* **Your objective**: Scan the entries below and report only how many lines contain "power".

* **Exercise material**:
-=-=-=-=-

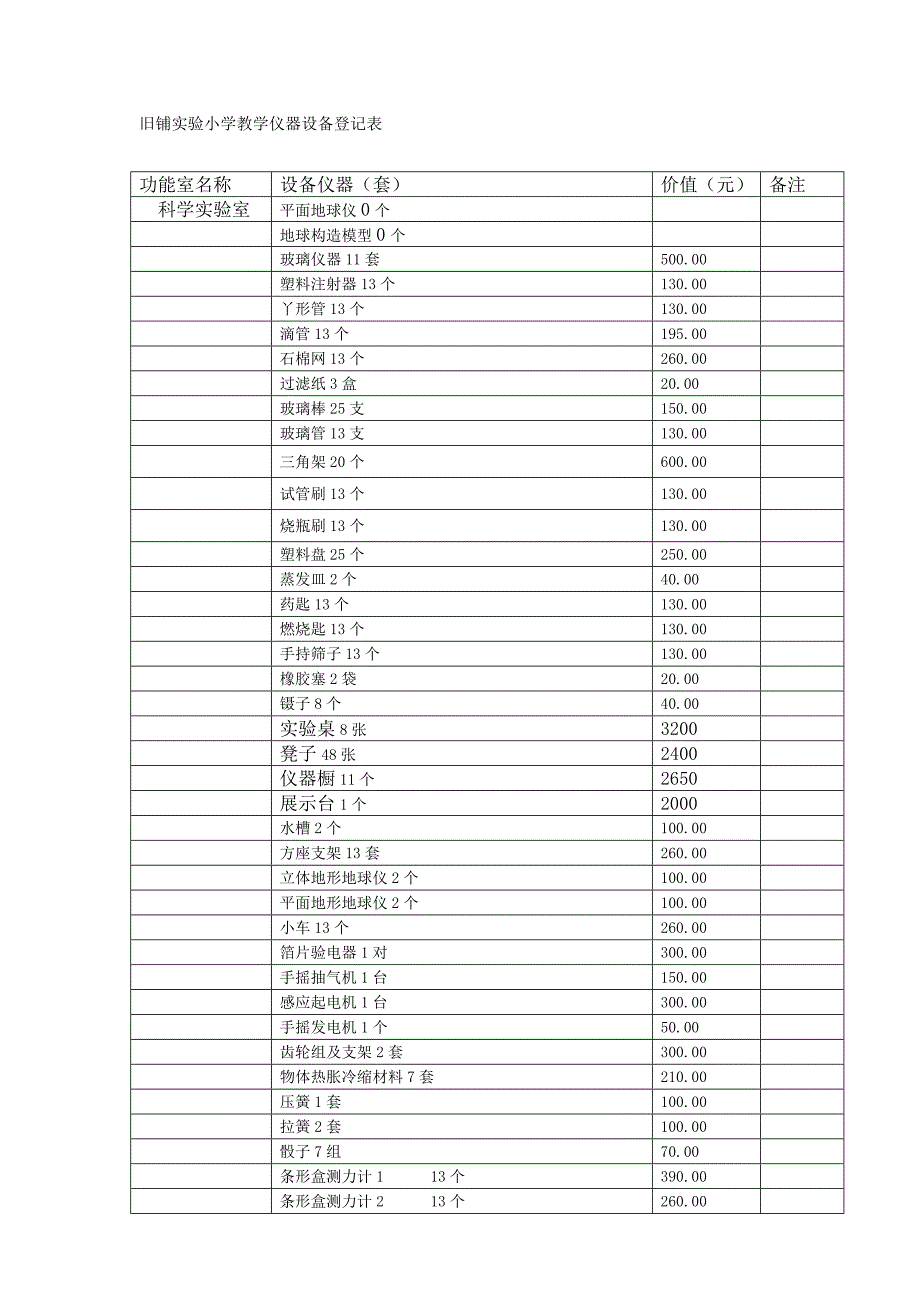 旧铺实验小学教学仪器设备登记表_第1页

-=-=-=-=-

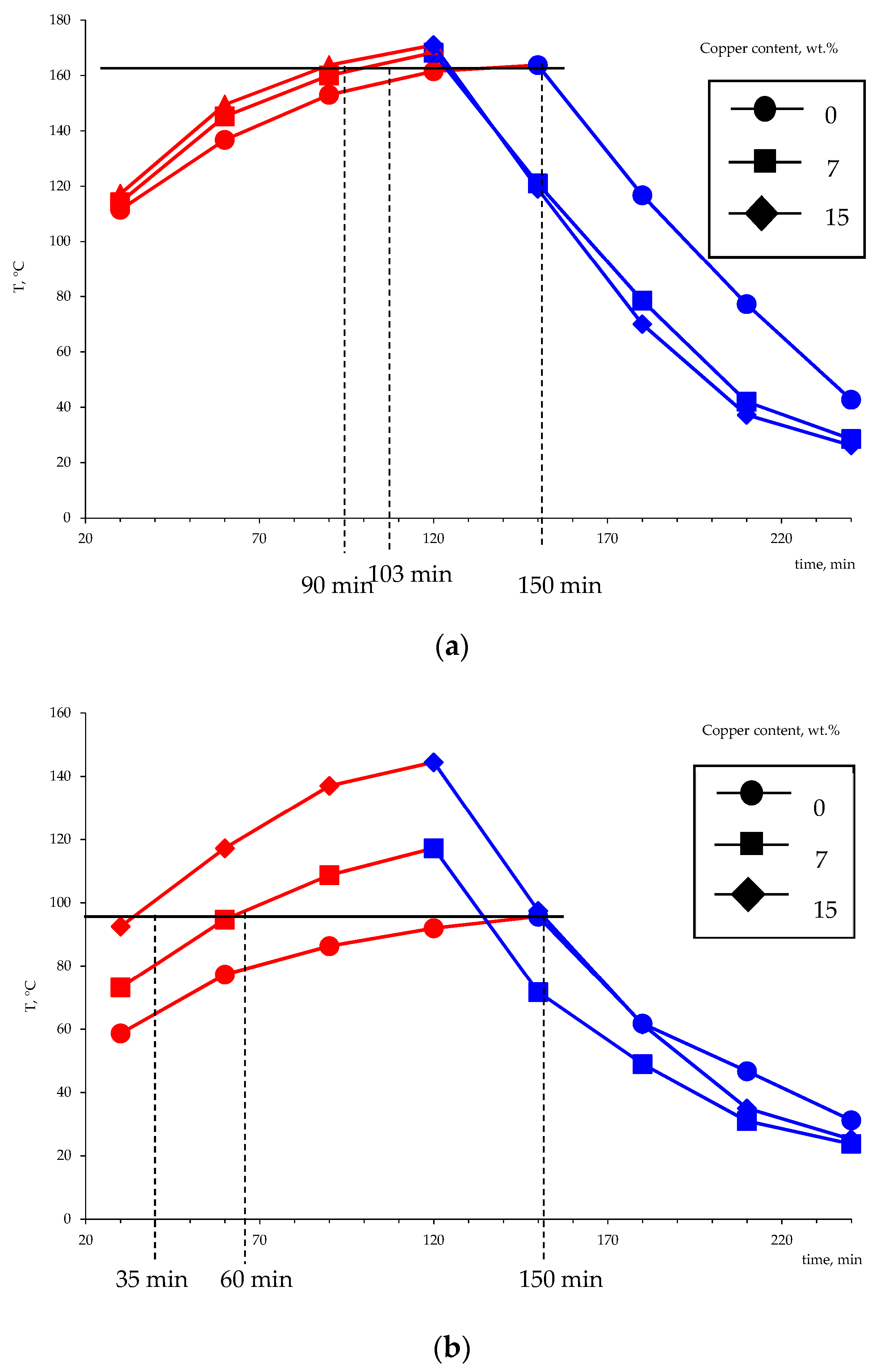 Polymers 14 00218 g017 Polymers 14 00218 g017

-=-=-=-=-

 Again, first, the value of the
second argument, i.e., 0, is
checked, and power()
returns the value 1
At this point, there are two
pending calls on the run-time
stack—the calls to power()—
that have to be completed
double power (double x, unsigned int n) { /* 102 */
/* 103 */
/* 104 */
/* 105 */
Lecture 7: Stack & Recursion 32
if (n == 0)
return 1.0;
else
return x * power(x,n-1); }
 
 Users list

-=-=-=-=-

* **Answer section**: 4